Sunday, 28 December 2014

John Okello (Field Marshall)

The Field Marshall who liberated Zanzibar and Pemba

On January 12, 1964, with popular support from the Island’s oppressed native African majority, Okello and his men fought their way to the capital of Zanzibar, Stone Town, where the Sultan lived. Even though they were poorly armed, Okello and his men surprised the police force of Zanzibar and they took over power.

The self proclaimed Field Marshal there after created the Revolutionary Council and named the leader of the Afro-Shirazi Party, Abeid Karume as President. Karume was residing in Tanganyika, but returned to Zanzibar, where he was welcomed by Okello. Afterwards, Okello appeared to be too unstable to play any role in government of the new country and was quietly sidelined from the political scene by President Karume, who only allowed him to retain his title of Field Marshal. But after two months, he was captured and declared a prohibited immigrant while he was in Tanganyika, then later sent to Kenya. He was incarcerated multiple times and was allegedly last seen with the Ugandan President Idi Amin in 1971 and vanished afterwards.

Killed by Amin:
In the book “Revolution of Zanzibar”, written by Don Petterson, 
Idi Amin saw him as a threat (after Amin promoted himself Okello reportedly joked that "now Uganda has two field marshals" and had arranged his assassination.
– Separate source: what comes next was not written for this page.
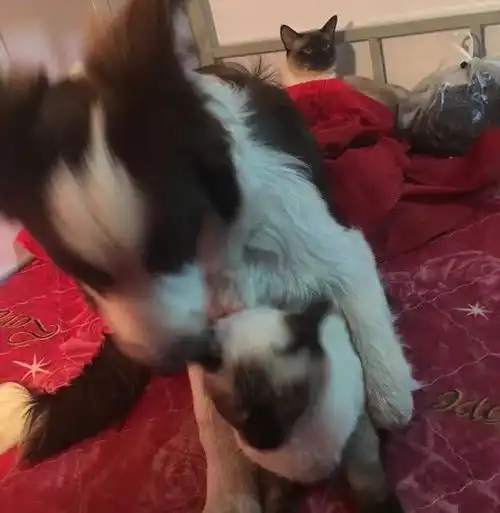 从两小无猜到反目成仇,宠物届投名状,上演现实版猫狗大战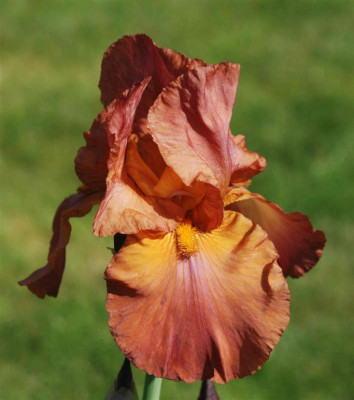 B3039a_Large.JPG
Okello is a born of Iyama village, Alebtong Parish, Aloi Sub-county, Moroto county, Alebtong District (Formerly part of Lira District), Lango Sub-region. He is survived by two wives and children. According to family sources, he left his home village at 15 and set out on his own and found work in several places within East Africa. Okello left for Pemba and Zanzibar in 1959 and 1963 respectively where he lived and worked as a clerk, manservant, gardener and later on a police officer.
More importantly, the dependants of the late Field Marshal Okello live in chronic and abject poverty. I therefore appeal to the Government of Uganda in conjunction with the Revolutionary Government of Zanzibar to honestly come in and extend a hand of help aimed at salvaging the plight of Field Marshal John Okello’s dependants.